Always eccentric, sometimes socially awkward, or even carrying the somewhat unfair and outdated image of the classic nerd-in-the-basement that still lives with his mother, the hackers are here to stay. They represent the "new" (well, not-so-new) paradigm of electronics/computing communication and security.

Hacking is using technical knowledge to overcome obstacles. Their presence in cinema is practically the technical support of our culture to try to understand and overcome new technologies.

This list gathers the fifteen best hacker movies ever made. These films handle topics like hacker culture and/or related technology. You will find comedies, thrillers, sci-fi, and of course, heist movies. No documentaries are allowed (because they deserve their own list). Here, you will find pure fiction, although in some cases, inspired by real events.

Takedown (mysteriously labeled "Track Down" in this poster)

Takedown (mysteriously labeled "Track Down" in this poster)

15) Takedown (2000)

You cannot talk about hackers in real life without mentioning the story of Kevin Mitnick and his brilliant systematic evasion of the law. His rivalry with computer crimes expert Tsutomu Shimomura largely defined the way in which this type of crime should be fought (or committed *wink wink*).

In 2000, Joe Chapelle directed an adaptation of a book written by Shimomura himself and John Markoff called Takedown. And although many feel that Kevin Mitnick (embodied here by Skeet Ulrich) was unfairly portrayed, it's still a fundamental point of view to review.

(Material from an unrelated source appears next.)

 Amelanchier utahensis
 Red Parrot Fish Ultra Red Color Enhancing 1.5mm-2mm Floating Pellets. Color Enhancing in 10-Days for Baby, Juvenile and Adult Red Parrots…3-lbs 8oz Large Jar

Unfortunately, for those who aren't very interested in this rivalry between Shimomura and Mitnick, there isn't much more to see. With serious problems to entertain a wider audience, a somewhat unstable rhythm, and forgettable performances (perhaps excluding Donal Logue), Takedown is a pretty pedestrian movie.

Real Genius

Real Genius

14) Real Genius (1985)

Real Genius is undoubtedly a cherished movie, but the truth is that this comedy directed by Martha Coolidge should be in the pantheon of 80's films, along with gems like The Breakfast Club and Fast Times at Ridgemont High.

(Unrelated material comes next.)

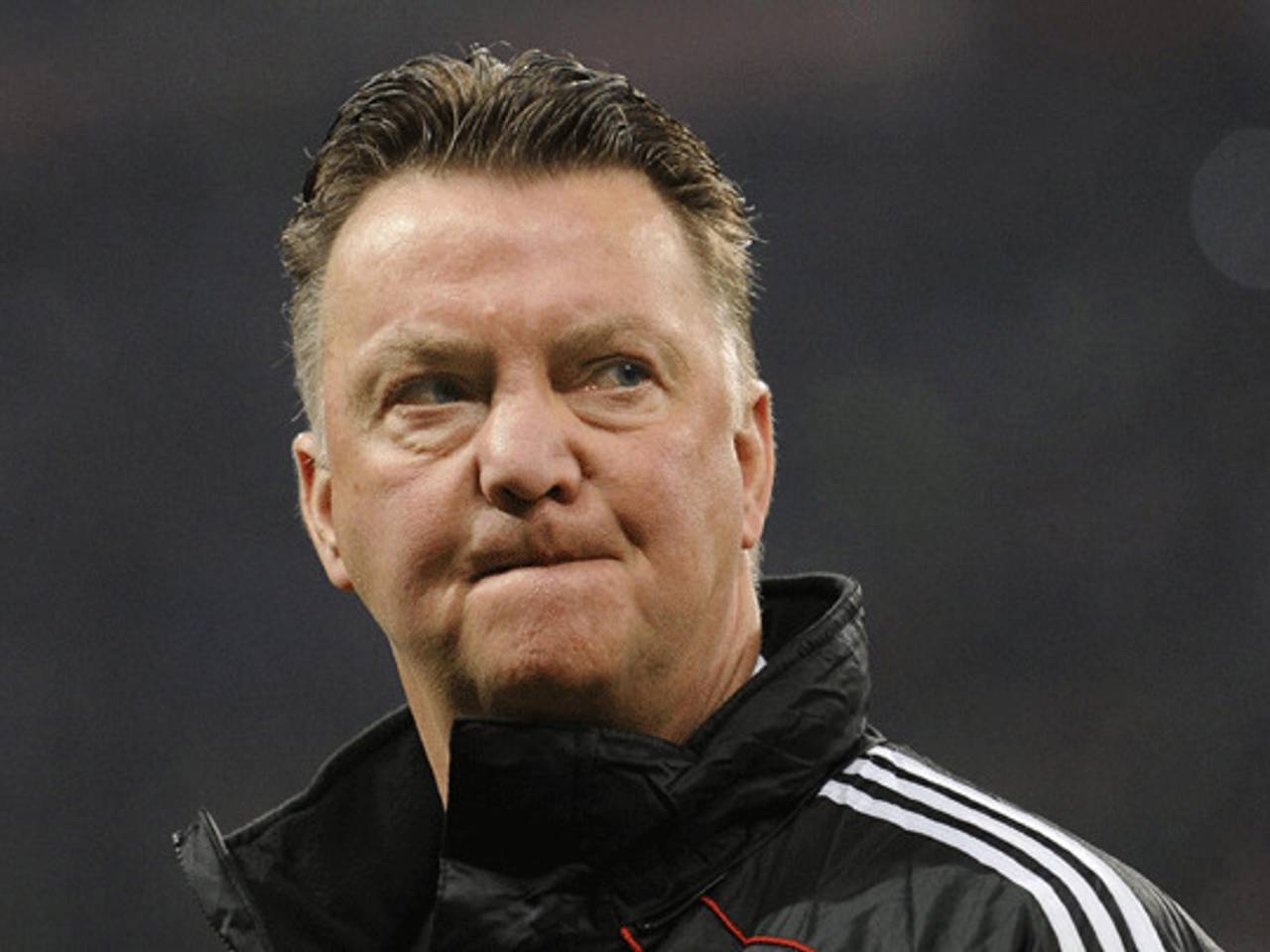 Stamboom ontleed: Louis van Gaal is een Brabo!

Real Genius has all the wonderful idiocy of the 80's high school comedy, while at the same time vindicating and giving more depth to the always limited stereotype of the nerd.

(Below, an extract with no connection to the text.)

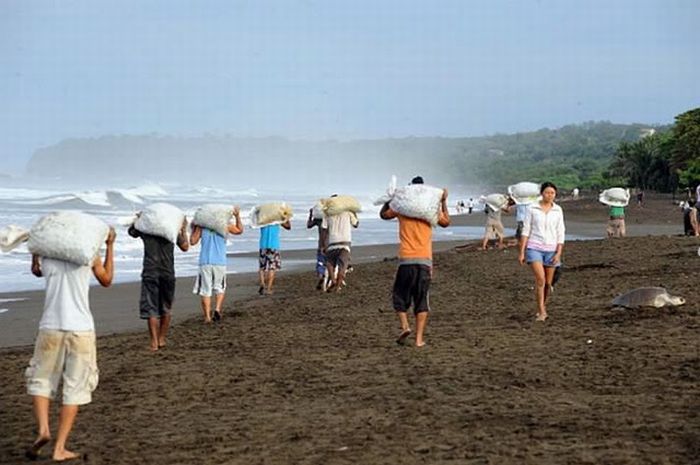 Collecting Sea Turtle Eggs in Costa Rica (12 pics)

With a charismatic teenage Val Kilmer and iconic characters like Jordan (Michelle Meyrink) and Lazlo (Jon Gries), this fantastic comedy about a group of young genius students who unknowingly develop a powerful laser weapon for the CIA, culminates with a memorable hacking and with a house literally exploding by popcorn, all while "Everybody Wants to Rule the World" by Tears for Fears drives us to the past.

Die Hard

Die Hard

13) Live Free Or Die Hard (2007)

After a 12-year-old hiatus, the Die Hard franchise returned with a story centered on cyberterrorism.

Inspired by John Carlin's Wired magazine article entitled "A Farewell to Arms", Live Free Or Die Hard takes up the tormented life of the great NYPD detective John McClane (played by Bruce Willis, in case there is someone who didn't know that), who must protect the life of a young hacker named Matt Farrell (Justin Long) and avoid that another more powerful hacker named Thomas Gabriel (Timothy Olyphant) unleashed the "fire exit", a cyber attack destined to take control of ALL the systems of the state-dependent on computerized systems.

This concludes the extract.